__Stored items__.
····················
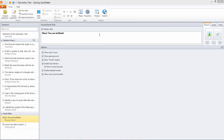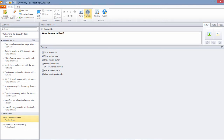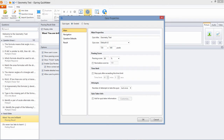Hi, it's Brian from iSpring. This time we're going to talk about setting a minimum required passing score in iSpring Quizmaker. This score determines whether a user passes or fails a quiz. To set the passing score, we'll go to the Quiz Properties and enter the passing score here.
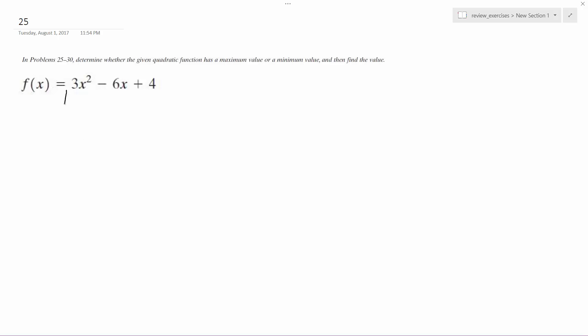So I already know offhand that this is going to have a minimum because it's got a positive coefficient, and the equation's negative b over 2a.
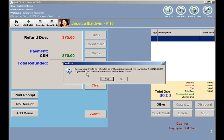A prompt will come up asking me if I want to refund this as the original date of the transaction or as of today. Being it happened today I will say yes, but you can refund older transactions as of the original day or the current day. So it impacts the drawer for today or the cash drawer from that particular day.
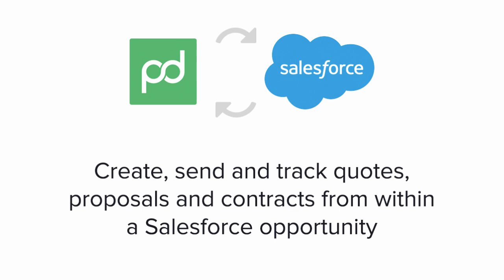Think of how much time your sales team can save when quotes, proposals, contracts, and collateral can be compiled in seconds directly from the opportunity record in Salesforce.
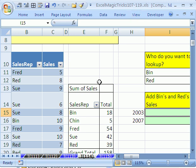In this video we want to look at the GetPivotData function. Here's a data set with field names and records. We have some sales reps and some sales.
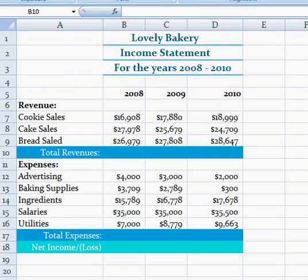Hey everybody, so today I'm going to talk about total revenues, total expenses, and the net income. The first thing I would do is enter the data shown on the screen right now into your Excel sheet.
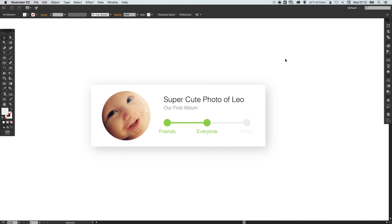And there we go we've created a privacy selector UI design in adobe illustrator. As always guys please feel free to leave any questions or comments below like this video if you enjoyed it take care and I'll see you next time.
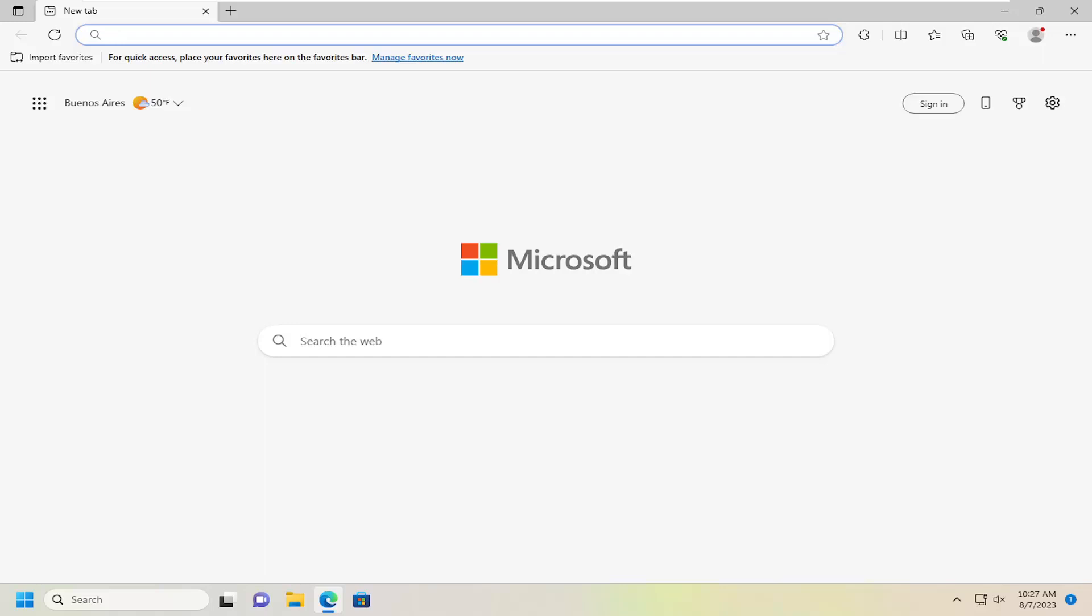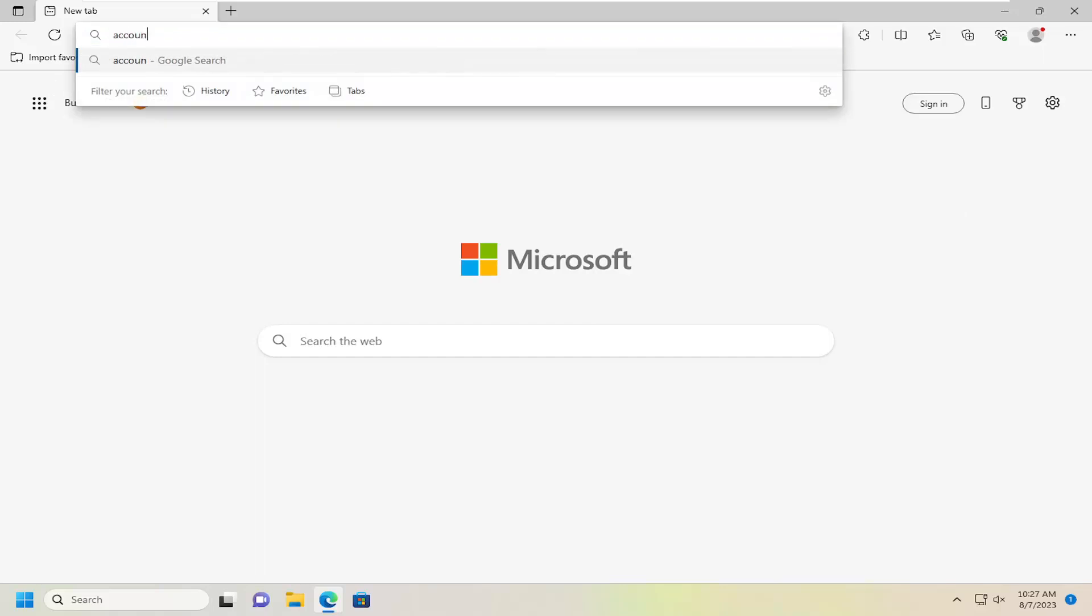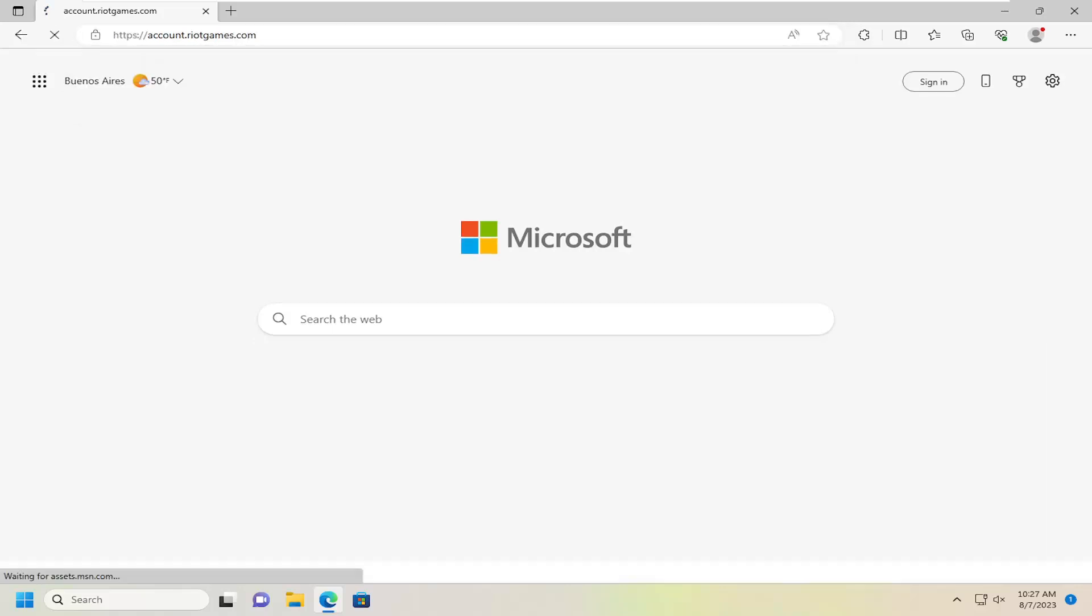We're going to start off by opening up a web browser. You want to go up to the address bar at the top and type in account.riotgames.com, and go ahead and search for that.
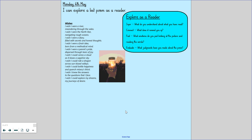So exploring as a reader — things to think about today. What do you understand by what you have read? What does it remind you of? What does it make you feel when you look at the picture and reading the words? And evaluate: what judgments have you made about the poem? Now everybody will take something a little bit different from reading the poem — it's what you feel, what you think, and what you have inferred. Pause while you just make some notes or have a discussion.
····················
__DIRECTIONS FOR THIS TASK__. The lines above starting at the one that holds "Hey everybody, so" and ending at the one that holds "We're going to start" are to be written out exactly, ends included, and no pictures are to be copied.

__ANSWER SPACE__.
Hey everybody, so today I'm going to talk about total revenues, total expenses, and the net income. The first thing I would do is enter the data shown on the screen right now into your Excel sheet.
And there we go we've created a privacy selector UI design in adobe illustrator. As always guys please feel free to leave any questions or comments below like this video if you enjoyed it take care and I'll see you next time.
We're going to start off by opening up a web browser. You want to go up to the address bar at the top and type in account.riotgames.com, and go ahead and search for that.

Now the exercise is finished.